‘We don’t see things as they are,
we see them as we are.’
I’ve been through an interesting, at times fascinating experience in my search to discover who the woman and man who conceived me were. My family adopted me at birth, the eldest of four children, all of us closed adoptions, handed over, contract signed, blank slate, renamed, a week after birth.
It began with a kind of awakening at the age of sixteen, when I went to a family reunion and saw a family tree created only with photos, and realised for the first time, I would not find any of my features, inclinations or tendencies mirrored there. I imagined it would end when I discovered the identities of those two people.
It didn’t end with the discovery, it is an ongoing story, however there are parts of the story that will be familiar to some, that might even encourage or inspire some who are in the process of, or considering doing the same thing, particularly as there are numerous challenges and obstacles to uncovering one’s identity, when we still live in a world where many governments have yet to recognise that knowing one’s identity is a human right, not a secret that they have the right to withhold from the person.
And the writing journey? Over the years I have shared a little of this story verbally, some of it in letters at the time (I was a big letter writer for many years) and nearly everyone has encouraged me to write it down. Fortunately around some of the events, I wrote notes at the time, but not all of them, and some of my notebooks where I wrote a lot about the second part of this story, sadly disappeared en route between England and New Zealand. I’ve let go of what I lost, and so those periods will be recalled with a more general reflection, rather than the intensity of the moment lived through. Now I shall write it, put myself through whatever it takes, to remember where I travelled on my journey to discover my real self.
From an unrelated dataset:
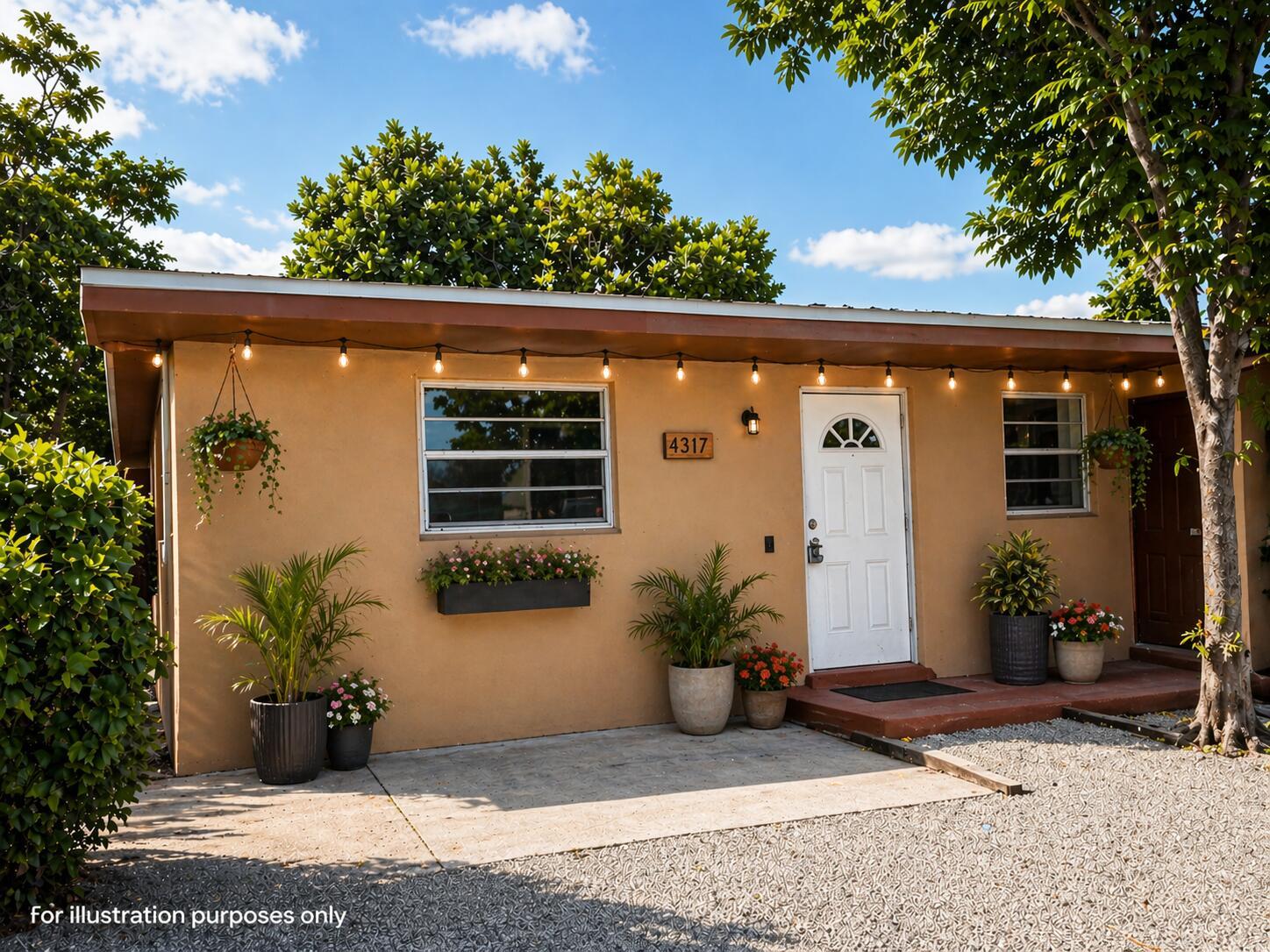 The exterior of a tan, single-story house features a white door, string lights, and potted plants — 4317 Cocoanut Road, West Palm Beach FL 33406, WEST PALM BEACH, FL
I’m used to writing a blog, sharing what I read over at Word by Word, I decided that part of my writing process towards sharing a more authentic version of me, will be to blog a little more of my writing journey, of my personal search and research, into the story of how I came to discover who I am, since writing the book isolates me a little from the world. Though I feel fear at delving into the more personal, which I understand better now, (because adoptees harbour an enormous amount of guilt about looking into who they are), I shall endeavour to be courageous.
I never shared any of the beginning of this journey while it is was in the process of being discovered, because that’s when I was at my most vulnerable, when I didn’t have the answers to the questions that anyone might ask of me, intuitively I needed to protect that vulnerability, it was easier to not share it until I understood it better.
Even though I’ve passed through that initial process, writing about this subject now and sharing it, carries a certain amount of vulnerability, because remembering the story inevitably raises issues, even now, more than 20 years after these events occurred.
As adoptees become adults, the issues don’t diminish, they are with us always and rarely understood by anyone except other adoptees. By writing about it, perhaps we can help close that gap, help others understand and provide ourselves a safe space within which to explore these characteristics we share.
And you? How Did You Start Your Writing Journey? What Event Triggered Your Search?